As a once-every-four-years opportunity to be selected to the Olympic Marathon team, the USA Olympic Team Trials is arguably the most important marathon that many will run. For some, just getting to the Trials is a goal in itself and marks them as among the best in the USA. For others, the Trials is the first step in making the Olympic Team. Whatever the motivation for running the Trials, one thing is for sure: the men and women who will represent the USA at the 2012 Olympic Marathon in London will come from the lists on these pages.

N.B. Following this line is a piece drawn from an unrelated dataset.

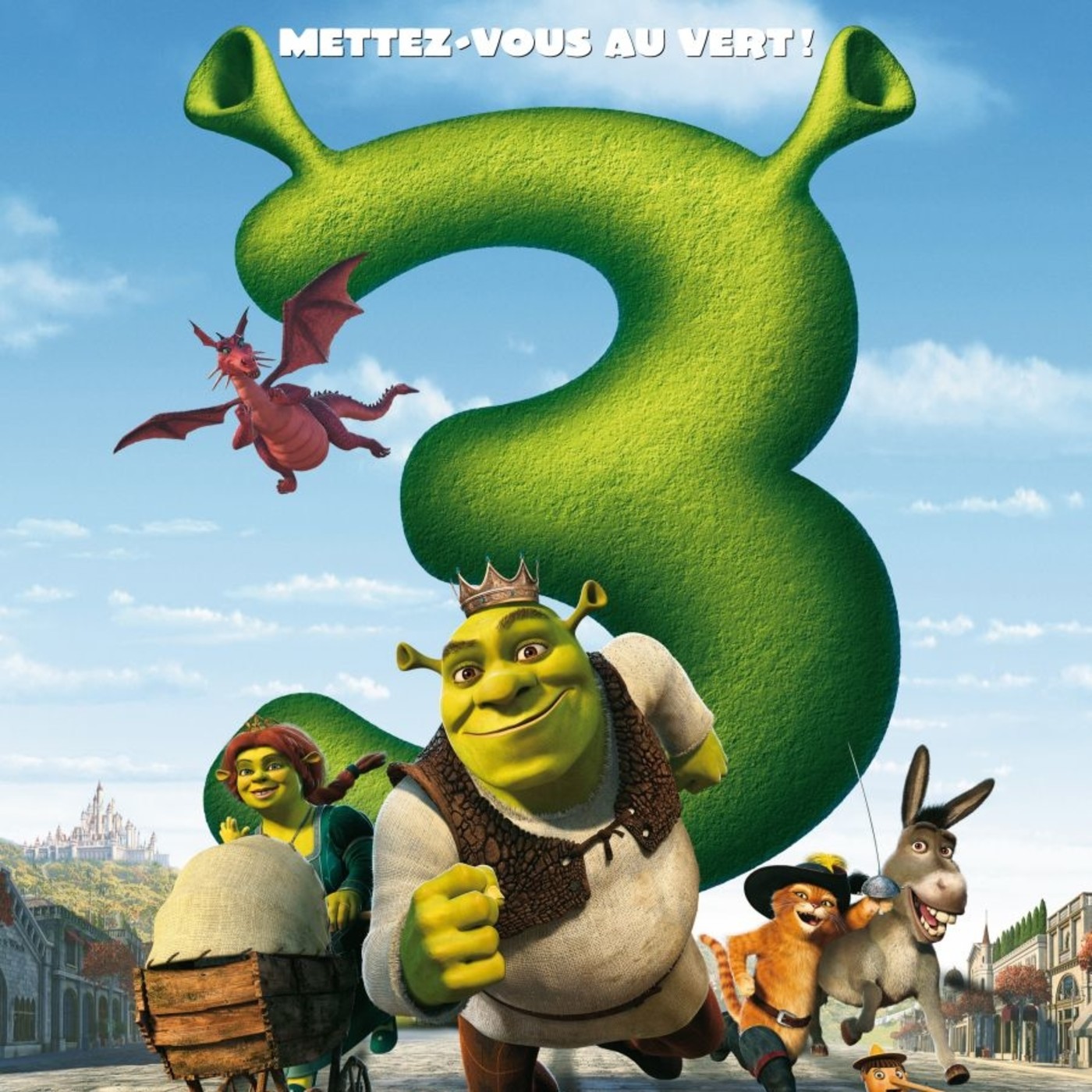 Shrek Tercero (2007). #Animación #Comedia #Fantástico #Aventuras #Parodia  #Cuentos #Fantasíamedieval #Secuela - Audio de Películas. (No AUDESC). -  Podcast en iVoox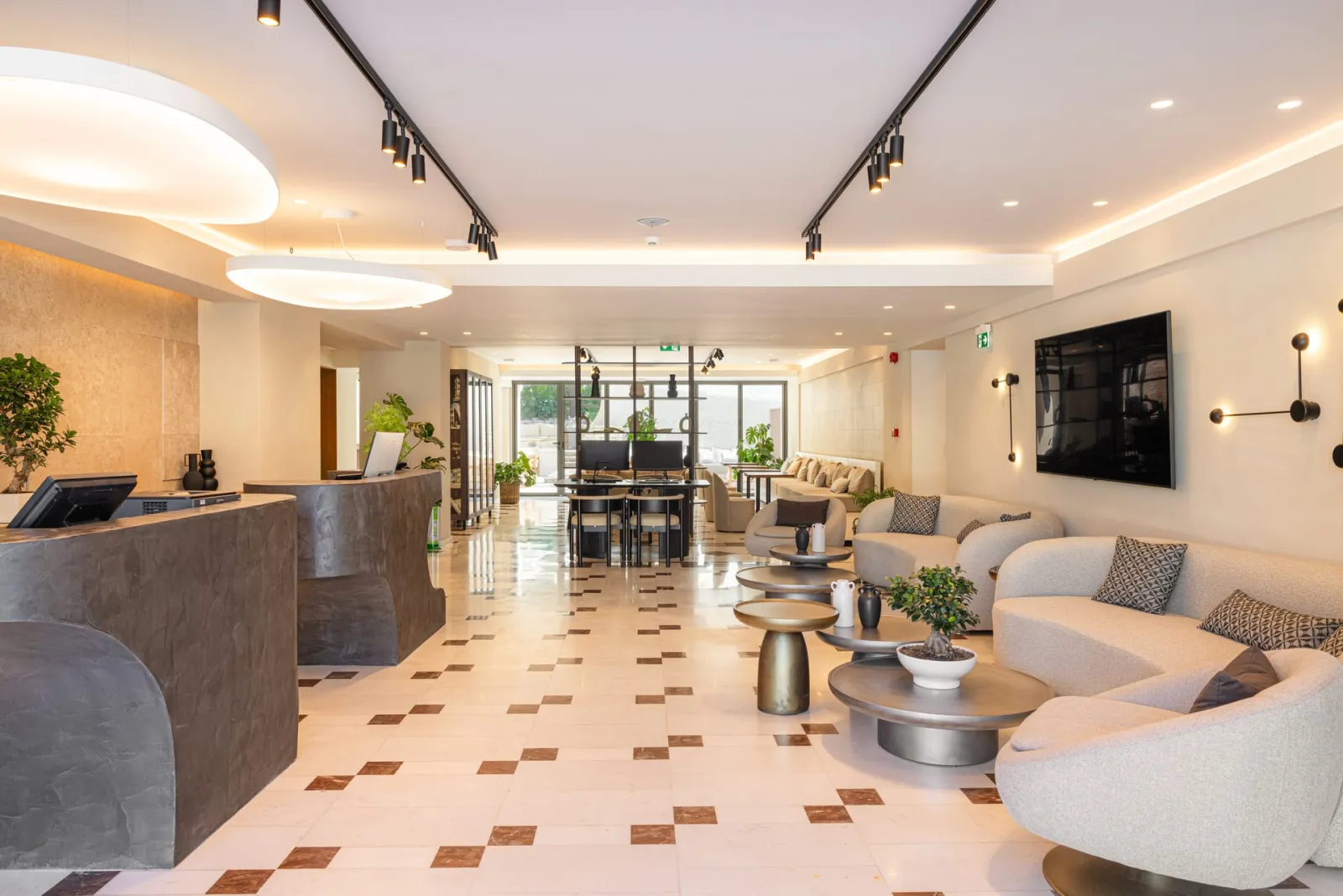 Lobby-Reception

The Qualifying Standards - History, Pre-2008
The Men's and Women's Long Distance Running (LDR) divisions of USA Track & Field (USATF) set separate qualifying standards and they may change during each four-year cycle. Prior to 2008, all qualifying was done through times achieved at the marathon distance and two standards were available: a tougher standard (the A-Standard) which gave the runner a fully-paid trip to the Trials and a B-Standard which allowed entry, but required the athlete to pay his/her own way. An exception to the marathon-only qualification was set for the women's marathon in 1988 and 1992, when B-Standard qualifying times were set for achievements at the Half-Marathon and 10,000m distances.
Qualifying Standards - 2008
For the 2008 Trials, Men's and Women's LDR added shorter standards to the Qualifying distances in the hope that some promising track stars might choose to jump up to the marathon distance and/or that promising marathoners who were unable to run a marathon in the qualifying window might still find multiple opportunities to qualify as it is theoretically easier to run a bunch of 10,000m or Half Marathon races compared to the toll a marathon puts on a body. For 2008, the Women's qualifying standards added the 10,000m (track) distance as an additional B-Standard; and the Men's qualifying standards included a 10,000m (track) AND 5,000m (track) distances to the qualifying standards as B-Standards. Ultimately, the addition of the 10,000m standards for men and women had limited success as they added 25 qualifiers (only 8 starters) for the men and 10 qualifiers (only 1 starter) for the women. The idea of adding a 5,000m standard for the men was a dismal failure as it added 16 "qualifiers" to the list, but not a single one was interested in actually participating in the marathon.
Qualifying Standards - 2012 = Discrimination?
With some success at prior use of shorter qualifying distances, both the men's and women's standards for 2012 included Half Marathon (great idea!) and 10,000m (limited efficacy) standards for qualifying. Men's LDR made the bold decision of removing a B-Standard from the marathon qualifying times, we think a questionable decision. What separates the men and women's qualifying for 2012, is that virtually ALL of the men's standards are being considered A-Standards, meaning that ALL men will gain a free trip to Houston, even as it seems that a minority are using the marathon to gain entry to the Trials. On the other hand, women qualifying by the Half Marathon or 10,000m distances will have a B-Standard and MOST women will need to pay their own travel and hotel for the Trials. [as of today, 159 of 161 men will have their trip paid for, whereas only 45 of 226 women will have their trip paid for.]